Smith is capable of talking about this stuff on a level that would fry your neurons, but she also has surprisingly practical advice for how parents can get their own kids excited about learning the skills they’ll need to find jobs with our future robot overlords.
There’s a growing drumbeat around STEM education at the elementary level. Given your background, do you see this as a great, big, “Yes!”, or do you view it with more nuance than that?
One thing that’s really important is that the universe doesn’t separate subjects. Parents need to know that they face extraordinary anti-tech and anti-STEM bias around them and they need to overcome that on behalf of their kids. I’ve never met someone who said, “When I was in high school, I didn’t really get reading and writing.” But lots of people have no problem saying, “Yeah, math and science wasn’t really my thing.”
To me, that is a failing on our part in how we’re supporting teachers. Most teachers have to teach in a really retro way. No one in this country would expect children to come to a PE class and have the teacher say, “Ok, everyone sit down and open your books.” Science and math, they’re really interactive and the better way of teaching is project and active learning-based. So, how do you help kids develop muscle memory and grit and curiosity? Science is really discovery — you don’t know the answer. We’re so busy teaching children the facts that have been discovered, we don’t teach them the scientific method.
So, as a parent, what you can do early is just do projects with your kids. It doesn’t have to be a lot of set up — grow plants in your backyard. When you add a garden to an elementary school, it increases the science test scores by a significant amount.
Really?
Yes! You’re outside, you’re digging in the dirt, so you’ve got so much more engagement. It’s active learning. Even if you were a little bit afraid of science and math because of the way you were taught, just dive in.

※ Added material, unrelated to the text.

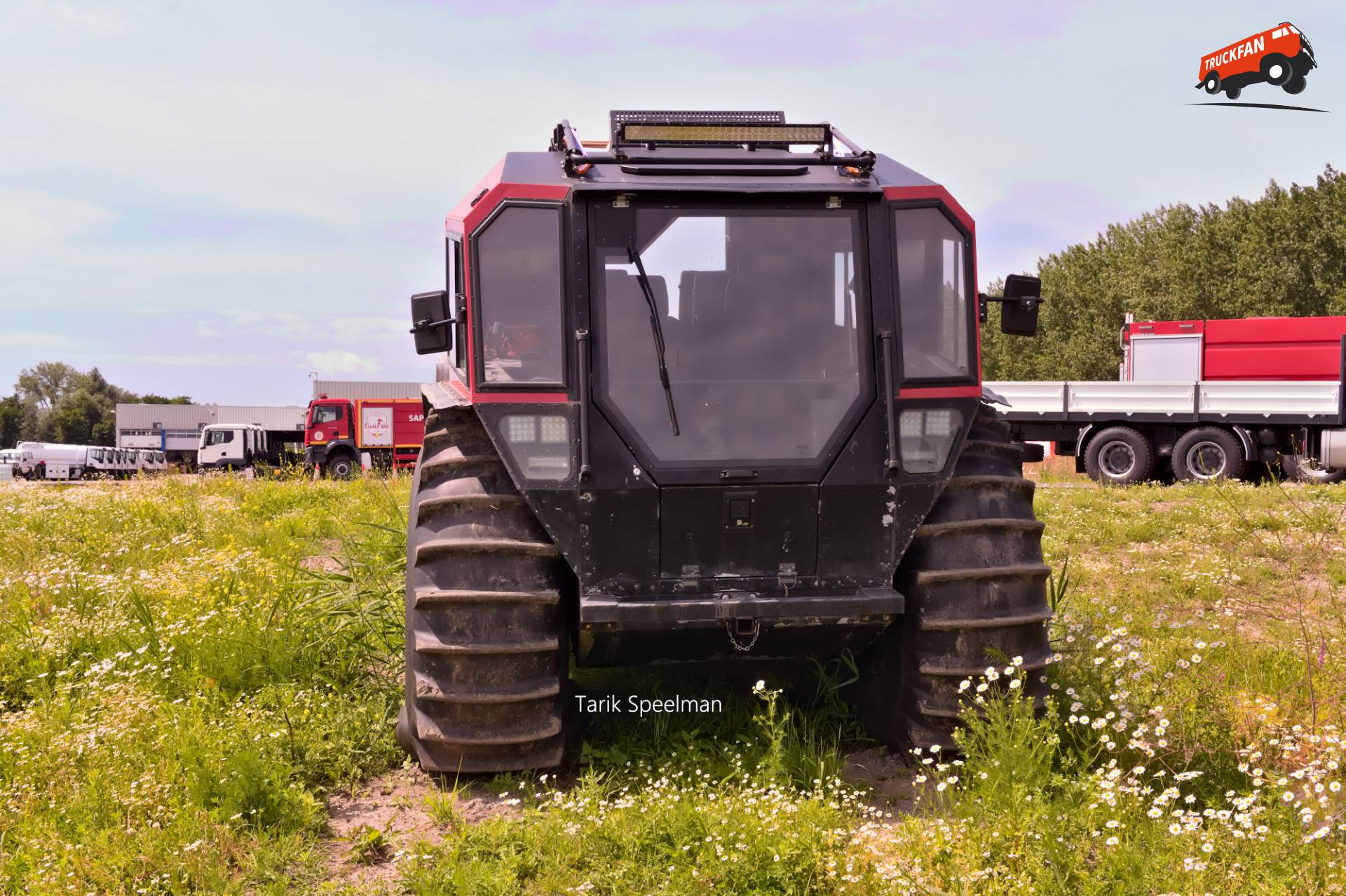 Sherp N 1200 on the grounds of PK Trucks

Role model how to learn something new and how to make mistakes.
As a parent, have you encountered individual teachers who implement this kind of learning in a way that you find inspiring or innovative?
One of my favorites is a woman named Laura Burgess, who taught our boys third grade. She has all this great stuff on her walls, and the sign with the largest font says, “In effort, there is joy.” Her goal as a third grade teacher is to have kids feel that. Whether it’s writing or a science project or presenting to the class, they understand that in grit and effort and collaboration, it’s a joyful thing.
At the Media Lab or Google, collaboration is obviously critical. With the increased importance of the Common Core and standardized testing, does that work against the concept of collaborating?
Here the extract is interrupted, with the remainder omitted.